In 2019, Aladdin makes some wheels of power more explicit. Our true hero, Jasmine, is, ironically, a princess for “the people,” as she often reminds us, while the villainous Jafar fears that the people’s riotous potential can only be held at bay by absolute power. The Genie knows power corrupts and tells us so from the beginning: “There is not enough money and power on earth to be satisfied.” He cautions Aladdin against becoming “the guy,” even as he retains the title “master.” (The Guy, in this case, is also the Man, man.) But Disney’s live-action rendition takes Genie’s terms of servitude further. More than anything in the world, he not only craves “freedom” but “to be human.” Here, a genie is not a species apart but a man unmanned by enslavement.
At first, I was put off by Guy Ritchie’s blue strongman (“I wanted a muscular 1970s dad,” he told EW, what Justin Lascek would call “70’s big”). I was relieved whenever Genie disguised himself as human and queasy when the bloated composite returned. But as the film continued to insist on both the blackness and inhumanity of this avatar, even dangling a light-skinned handmaiden before him, I came to appreciate the grotesque Violet Beauregarde. Genie as a genie is “unruly, incomplete, bulging, and changeable,” to borrow again from Mallan and McGillis. This disturbance is what draws out the tragicomedy of his abject condition. Without it, lines like “I don’t care nut’in about that wish” fall with a misplaced earnestness. (As the old Genie might sarcastically respond, “Hey, it’s only an eternity of servitude.”) The promise broken becomes not the promise of freedom, but of friendship. “In 10,000 years I have never once called a master a friend,” Genie tells Aladdin, who is “breaking [his] heart.” Freedom fighter he is not.
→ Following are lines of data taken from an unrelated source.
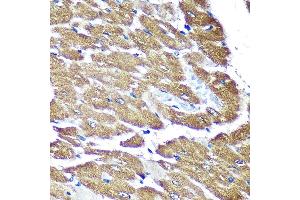 Immunohistochemistry of paraffin-embedded Rat heart using NDUF Rabbit pAb (ABIN7268807) at dilution of 1:100 (40x lens).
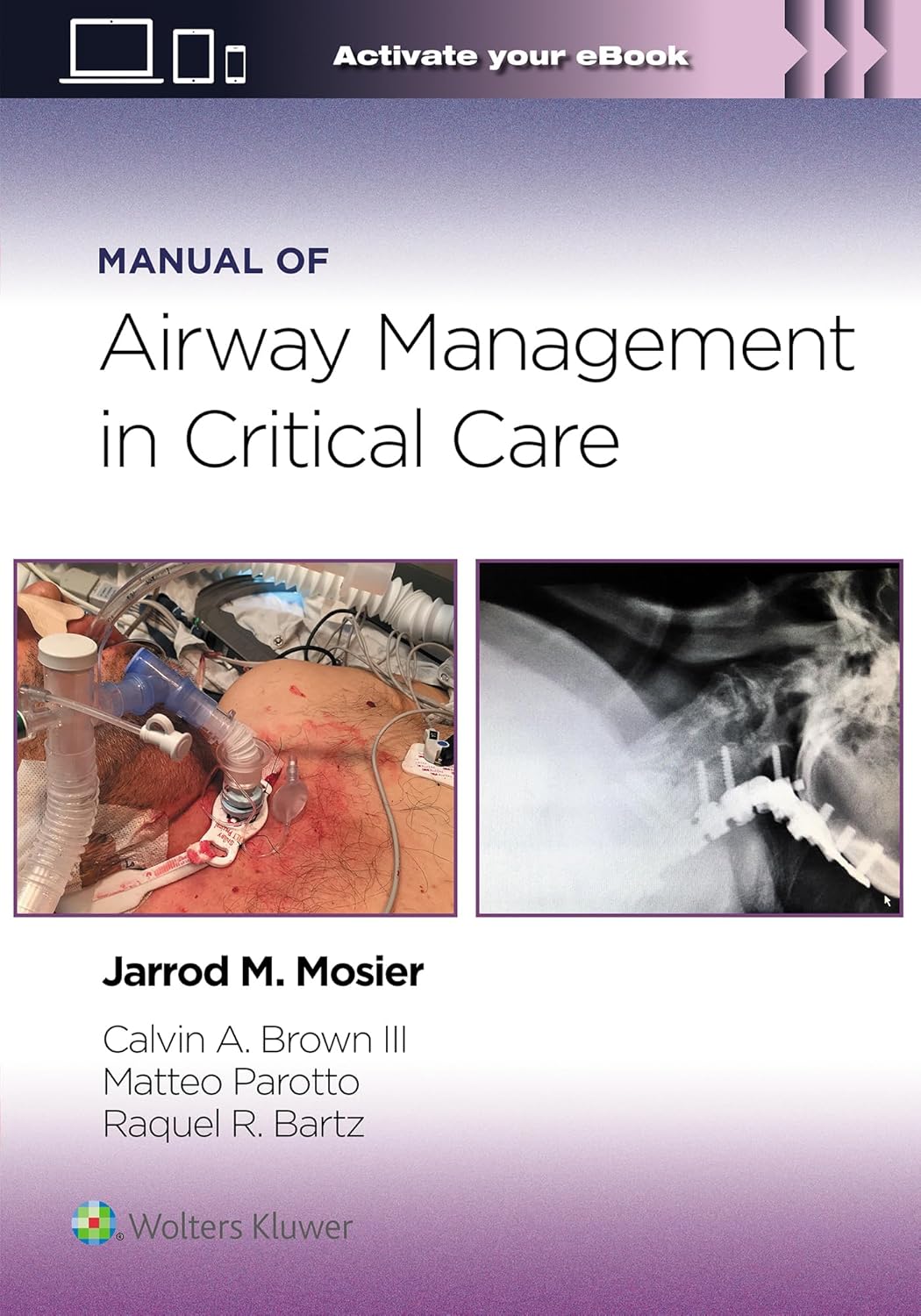 Manual of Airway Management in Critical Care 1st Edition Premium Multicolor Matte Print Javed Books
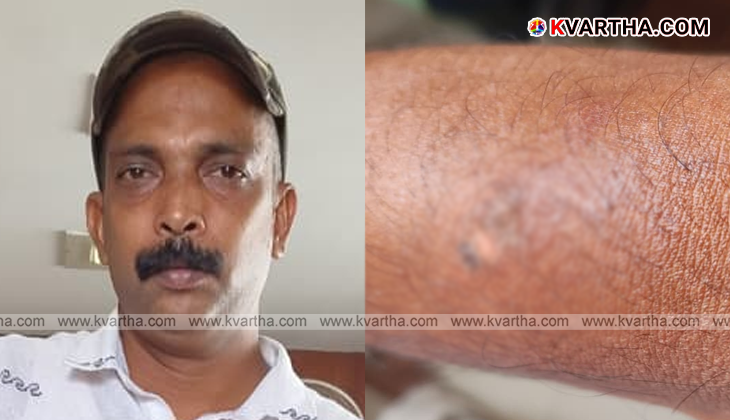 ചെറുകുന്നിൽ ചാനൽ ക്യാമറാമാന് സൂര്യാഘാതമേറ്റു; കടുത്ത ചൂടിൽ വടക്കൻ ജില്ലകൾ വെന്തുരുകുന്നു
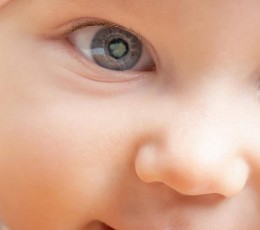 Catarata cong&eacute;nita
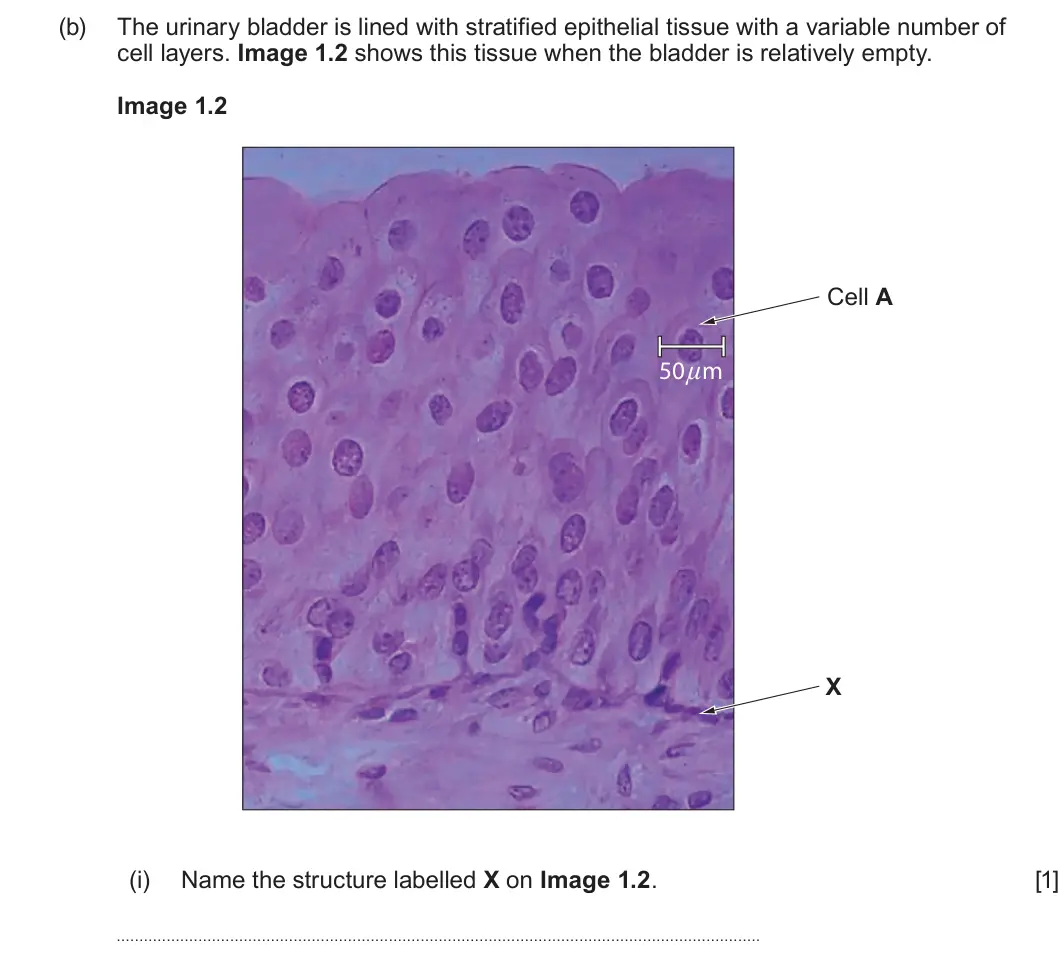 Summer 2022 AS Unit 1, question 1(b)(i): Name the structure labelled X on Image 1.2. [1]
In the end, as in the first film, Aladdin indeed uses his third wish to free Genie. In the original, the transfer of power is conducted with fanfare: Genie ping-pongs about the palace balcony with a resplendent “free at last!” He cries, a big fat Disney tear falling down his cheek. He is still blue and seemingly still all-powerful, shooting his body into the sky in celebration. He’s “history” (or “mythology”). In the latest Aladdin, however, Smith’s liberation is much more modest. The shackles fall from his wrists and dissolve into thin air — the inverse of the clink-clink that imprisons Jafar the Genie. He returns to his human appearance, but for real this time; he can no longer summon elephants or jams, or anything else for that matter. He is free and his prize is a normative life; a wife and two models of multiracial futurity named Lian and Omar. From magical Negro to ordinary black man. It’s a freedom of a kind, I suppose.
*This article’s photo caption has been corrected to note that the featured Broadway actor in the lead image is Michael James Scott.